Hi Romanophile - I’m from Bermuda. But I first learned some Russian and Romanian when I lived in Kharborovsk in the Russian Far East (my neighbour in the apartment building was a widow originally from Brasov; had married a Soviet officer in the 70s - her daughter was an incentive in picking up some Romanian, lol).
A lot of the waiters here are Ukrainian or Romanian so I get to practice ordering food, lol. They brought me back a collection of Chekov’s plays in Russian, and two books in Romanian - a collection of fairy tales and then a collection of Ion Creaga’s short stories.

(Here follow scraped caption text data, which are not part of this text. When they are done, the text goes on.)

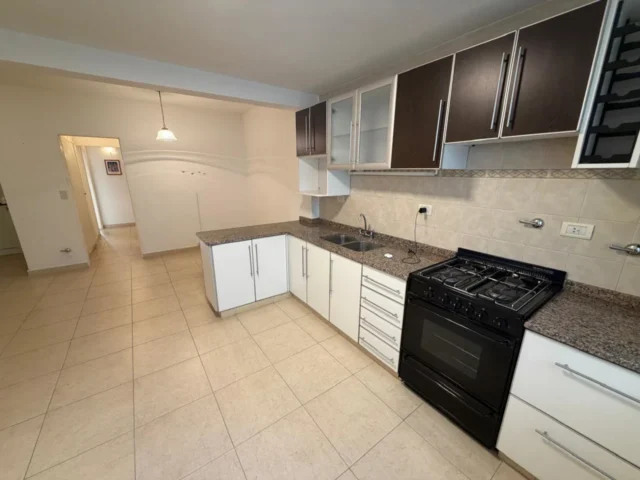 Departamentos, pisos y semipisos en Venta — Tucuman 2455 1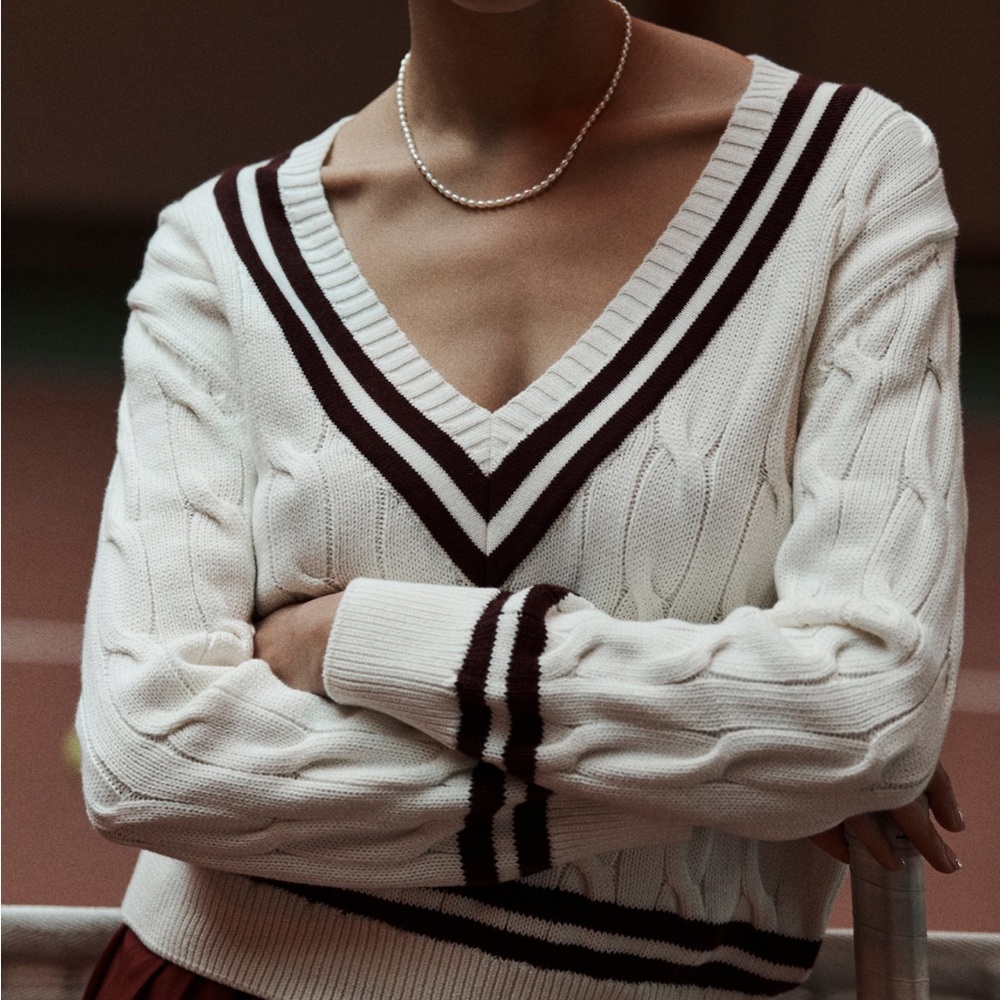 Sporty and rich Women's V-Neck Cable Knit Sweater - White and Red - Picture 7 of 12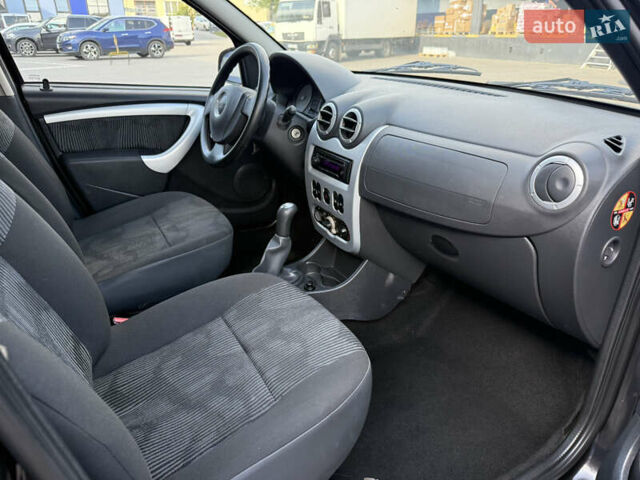 Чорний Дачія Sandero, об'ємом двигуна 1.6 л та пробігом 131 тис. км за 5999 $, фото 20 на Automoto.ua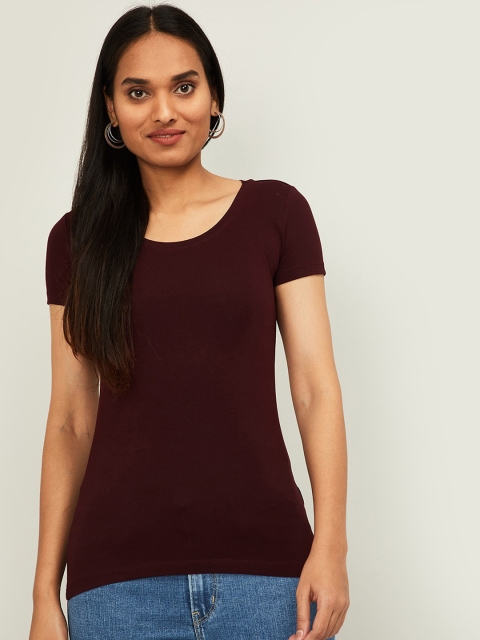 Ginger by Lifestyle Women Burgundy Solid Round T-shirt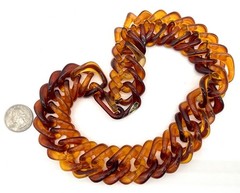 Vtg Butterscotch & Carmel ChunkyLucite Chain Link Choker Necklace Made in Taiwan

So, I’m in Canada… but have visited Bermuda (direct flight from Toronto) a few times. Maybe five times, and turned my parents onto the idea so they went maybe for ten or more visits. My Romanian connection comes from my mother’s family, who immigrated from Transylvania about 100 years ago, and was pretty much completely assimilated into English Canada. But I found the Romanian connection pretty interesting, and I visited my cousins first in 1987 before the Wall fell… and am trying to learn the language… from absolutely no base at home.
With such a connection, go for it! Then you’ll find out if you can learn more than one. My heart is in Italian but I’m trying a few words of Swahili because Africa was good to me.
If the language calls to you, a good reason for trying to learn it.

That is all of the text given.